Description of the task: Scan the material below for "Bagian", then return each line that contains it.

Data to examine:
•••••

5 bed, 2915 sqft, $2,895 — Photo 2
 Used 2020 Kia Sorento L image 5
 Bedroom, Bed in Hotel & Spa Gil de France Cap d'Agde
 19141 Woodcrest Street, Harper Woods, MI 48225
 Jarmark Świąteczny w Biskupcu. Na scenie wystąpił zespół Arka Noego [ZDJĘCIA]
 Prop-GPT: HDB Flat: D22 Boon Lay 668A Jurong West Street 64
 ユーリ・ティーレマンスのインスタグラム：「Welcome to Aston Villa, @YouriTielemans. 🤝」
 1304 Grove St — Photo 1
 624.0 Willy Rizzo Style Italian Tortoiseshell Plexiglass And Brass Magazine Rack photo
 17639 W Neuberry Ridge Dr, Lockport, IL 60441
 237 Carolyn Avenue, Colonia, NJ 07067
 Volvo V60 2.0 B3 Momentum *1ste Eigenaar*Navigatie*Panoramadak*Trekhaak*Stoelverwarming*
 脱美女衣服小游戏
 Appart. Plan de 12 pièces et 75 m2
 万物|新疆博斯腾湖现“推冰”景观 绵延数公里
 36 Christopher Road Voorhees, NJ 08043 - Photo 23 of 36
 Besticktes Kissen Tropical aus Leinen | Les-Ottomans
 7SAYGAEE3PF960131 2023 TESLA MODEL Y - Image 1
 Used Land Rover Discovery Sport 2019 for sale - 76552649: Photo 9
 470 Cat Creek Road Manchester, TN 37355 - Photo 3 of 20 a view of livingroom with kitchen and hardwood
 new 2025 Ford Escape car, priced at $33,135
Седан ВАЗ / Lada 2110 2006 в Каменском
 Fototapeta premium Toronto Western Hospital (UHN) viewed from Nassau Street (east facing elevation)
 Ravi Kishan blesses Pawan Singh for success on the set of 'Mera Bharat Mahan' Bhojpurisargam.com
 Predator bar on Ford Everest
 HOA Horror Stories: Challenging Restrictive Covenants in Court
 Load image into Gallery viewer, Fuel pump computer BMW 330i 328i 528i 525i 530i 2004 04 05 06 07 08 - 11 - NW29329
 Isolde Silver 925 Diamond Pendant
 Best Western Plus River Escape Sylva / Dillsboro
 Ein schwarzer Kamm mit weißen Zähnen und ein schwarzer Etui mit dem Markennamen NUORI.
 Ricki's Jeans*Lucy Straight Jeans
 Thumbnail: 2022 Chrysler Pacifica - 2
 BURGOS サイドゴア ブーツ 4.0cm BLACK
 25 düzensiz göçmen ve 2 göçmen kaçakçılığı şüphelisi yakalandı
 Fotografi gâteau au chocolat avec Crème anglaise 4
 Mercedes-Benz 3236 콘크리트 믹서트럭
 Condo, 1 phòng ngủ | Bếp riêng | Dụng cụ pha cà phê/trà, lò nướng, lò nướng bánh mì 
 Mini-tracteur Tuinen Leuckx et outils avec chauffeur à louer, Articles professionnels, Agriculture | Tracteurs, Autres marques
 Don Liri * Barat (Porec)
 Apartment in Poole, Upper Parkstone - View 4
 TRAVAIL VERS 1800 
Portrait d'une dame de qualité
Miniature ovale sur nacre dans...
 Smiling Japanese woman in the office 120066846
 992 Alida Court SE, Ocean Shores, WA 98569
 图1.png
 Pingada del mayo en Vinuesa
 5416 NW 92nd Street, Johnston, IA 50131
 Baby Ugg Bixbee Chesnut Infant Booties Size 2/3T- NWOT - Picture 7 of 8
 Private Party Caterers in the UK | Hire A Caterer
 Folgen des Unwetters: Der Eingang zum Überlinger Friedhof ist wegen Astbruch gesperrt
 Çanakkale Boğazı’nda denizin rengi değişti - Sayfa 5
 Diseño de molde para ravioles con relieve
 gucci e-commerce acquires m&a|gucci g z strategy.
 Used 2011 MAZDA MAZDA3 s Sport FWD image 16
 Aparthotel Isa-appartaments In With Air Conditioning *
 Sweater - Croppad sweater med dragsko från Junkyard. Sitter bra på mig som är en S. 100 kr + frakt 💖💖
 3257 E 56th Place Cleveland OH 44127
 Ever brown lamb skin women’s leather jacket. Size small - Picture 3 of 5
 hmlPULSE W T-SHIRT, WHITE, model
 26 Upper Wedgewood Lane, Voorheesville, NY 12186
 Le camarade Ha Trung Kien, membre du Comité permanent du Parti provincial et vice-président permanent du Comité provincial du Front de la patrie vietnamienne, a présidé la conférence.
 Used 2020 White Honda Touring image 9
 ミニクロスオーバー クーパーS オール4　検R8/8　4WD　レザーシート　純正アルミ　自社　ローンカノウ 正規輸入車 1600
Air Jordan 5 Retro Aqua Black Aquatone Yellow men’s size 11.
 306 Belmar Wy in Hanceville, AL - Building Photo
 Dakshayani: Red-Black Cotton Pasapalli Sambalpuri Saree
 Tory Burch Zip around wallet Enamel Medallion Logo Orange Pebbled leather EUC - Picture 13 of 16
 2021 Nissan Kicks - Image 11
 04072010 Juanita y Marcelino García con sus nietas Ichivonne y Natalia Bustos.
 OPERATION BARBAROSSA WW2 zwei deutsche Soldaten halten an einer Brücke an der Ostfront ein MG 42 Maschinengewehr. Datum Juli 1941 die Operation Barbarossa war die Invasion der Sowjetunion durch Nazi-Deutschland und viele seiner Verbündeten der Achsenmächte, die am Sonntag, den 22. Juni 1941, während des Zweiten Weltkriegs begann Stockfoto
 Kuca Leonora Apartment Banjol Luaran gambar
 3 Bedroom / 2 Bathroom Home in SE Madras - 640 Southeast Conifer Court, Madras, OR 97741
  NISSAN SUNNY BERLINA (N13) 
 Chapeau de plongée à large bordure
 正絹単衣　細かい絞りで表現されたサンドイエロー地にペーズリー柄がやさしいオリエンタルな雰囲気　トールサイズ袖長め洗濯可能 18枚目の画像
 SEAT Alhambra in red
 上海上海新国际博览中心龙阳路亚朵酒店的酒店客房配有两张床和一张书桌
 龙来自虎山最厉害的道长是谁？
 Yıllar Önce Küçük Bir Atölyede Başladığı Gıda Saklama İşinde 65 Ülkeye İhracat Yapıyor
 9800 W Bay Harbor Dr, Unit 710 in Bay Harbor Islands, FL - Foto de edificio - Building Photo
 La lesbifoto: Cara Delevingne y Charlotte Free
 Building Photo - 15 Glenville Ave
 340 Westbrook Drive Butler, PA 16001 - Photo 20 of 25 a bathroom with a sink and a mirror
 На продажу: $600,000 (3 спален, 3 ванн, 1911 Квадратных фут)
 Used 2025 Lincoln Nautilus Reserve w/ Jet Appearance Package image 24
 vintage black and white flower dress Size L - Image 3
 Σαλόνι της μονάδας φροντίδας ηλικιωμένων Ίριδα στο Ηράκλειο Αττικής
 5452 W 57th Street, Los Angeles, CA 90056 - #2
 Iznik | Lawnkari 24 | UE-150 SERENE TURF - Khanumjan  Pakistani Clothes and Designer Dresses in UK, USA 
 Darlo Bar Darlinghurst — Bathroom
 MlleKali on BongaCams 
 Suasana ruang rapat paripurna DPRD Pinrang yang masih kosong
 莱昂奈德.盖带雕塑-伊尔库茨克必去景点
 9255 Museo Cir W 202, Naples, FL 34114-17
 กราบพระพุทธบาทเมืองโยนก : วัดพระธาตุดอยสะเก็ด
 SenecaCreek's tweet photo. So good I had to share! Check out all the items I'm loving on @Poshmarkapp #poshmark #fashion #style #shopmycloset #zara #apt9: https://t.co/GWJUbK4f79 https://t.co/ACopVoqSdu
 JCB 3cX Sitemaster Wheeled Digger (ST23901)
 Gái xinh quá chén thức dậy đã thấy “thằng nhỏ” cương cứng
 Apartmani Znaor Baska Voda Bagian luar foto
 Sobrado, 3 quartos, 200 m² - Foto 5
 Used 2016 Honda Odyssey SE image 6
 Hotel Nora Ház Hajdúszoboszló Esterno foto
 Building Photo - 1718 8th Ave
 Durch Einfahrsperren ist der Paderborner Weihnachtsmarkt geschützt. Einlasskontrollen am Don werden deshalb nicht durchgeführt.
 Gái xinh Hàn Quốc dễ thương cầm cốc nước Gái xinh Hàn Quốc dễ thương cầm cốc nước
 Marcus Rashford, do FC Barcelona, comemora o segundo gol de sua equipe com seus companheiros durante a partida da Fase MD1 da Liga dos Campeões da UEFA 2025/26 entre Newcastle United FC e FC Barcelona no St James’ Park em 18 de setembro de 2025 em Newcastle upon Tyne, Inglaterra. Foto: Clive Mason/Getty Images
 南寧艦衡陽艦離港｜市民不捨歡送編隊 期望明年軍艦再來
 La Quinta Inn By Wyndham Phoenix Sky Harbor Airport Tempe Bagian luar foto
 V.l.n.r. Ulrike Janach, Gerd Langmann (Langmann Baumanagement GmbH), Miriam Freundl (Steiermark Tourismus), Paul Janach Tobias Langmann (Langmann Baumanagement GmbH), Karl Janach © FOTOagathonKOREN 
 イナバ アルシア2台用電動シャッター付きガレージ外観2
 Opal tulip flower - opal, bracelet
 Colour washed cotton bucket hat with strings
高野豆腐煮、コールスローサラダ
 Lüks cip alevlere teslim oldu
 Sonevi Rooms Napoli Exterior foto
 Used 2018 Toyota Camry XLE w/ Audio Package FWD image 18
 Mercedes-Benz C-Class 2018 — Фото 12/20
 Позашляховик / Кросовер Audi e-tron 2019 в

•••••

Solution to this problem:
 Apartmani Znaor Baska Voda Bagian luar foto
 La Quinta Inn By Wyndham Phoenix Sky Harbor Airport Tempe Bagian luar foto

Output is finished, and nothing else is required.